Dr Ian Ker, University of Oxford

Newman's idea of a university: some misunderstandings

Date: Tuesday, 17 May 2011

Ian Ker has taught both English literature and theology in universities in both the United States and Britain, where he is now Senior Research Fellow at St Benet's Hall, Oxford where he teaches in the theology faculty.  He is the author and editor of more than 20 books on Newman, including the Oxford critical edition of The Idea of a University and the standard biography, which has recently been reissued in both hardback and paperback by Oxford University Press.  He is also the author of The Catholic Revival in English Literature 1845-1961 and Mere Catholicism.  His intellectual and literary life of G. K. Chesterton was published by Oxford University Press in April.


Lecture 25

Jeffers Engelhardt, Department of Music, Amherst College

The Secular Enchantments of Ethnomusicology

Date: Thursday, 14 April 2011

This talk examines the relationship of secular epistemologies and forms of modern religious practice in the cultural study of music.
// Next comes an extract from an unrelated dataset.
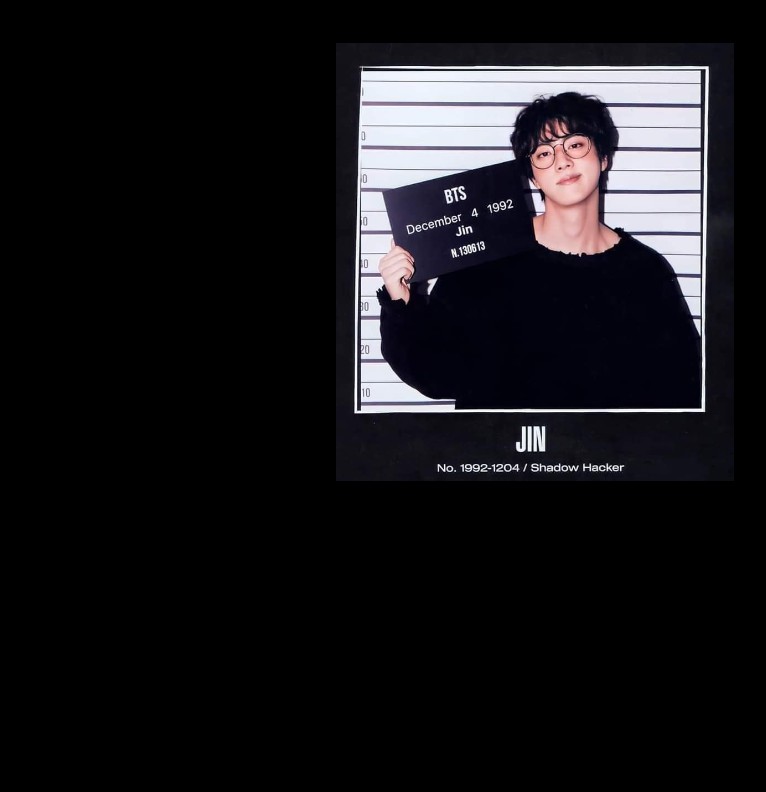 Kim Seokjin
Drawing on fieldwork with Orthodox Christians and Pentecostals in Estonia and Kenya, Engelhardt explores ways in which secularity and the enchantments of worship and piety are deeply interdependent. Ultimately, Engelhardt suggests how the disciplinary and epistemological limits of ethnomusicology might contribute to the critical rethinking of secular critique and the project of secularism.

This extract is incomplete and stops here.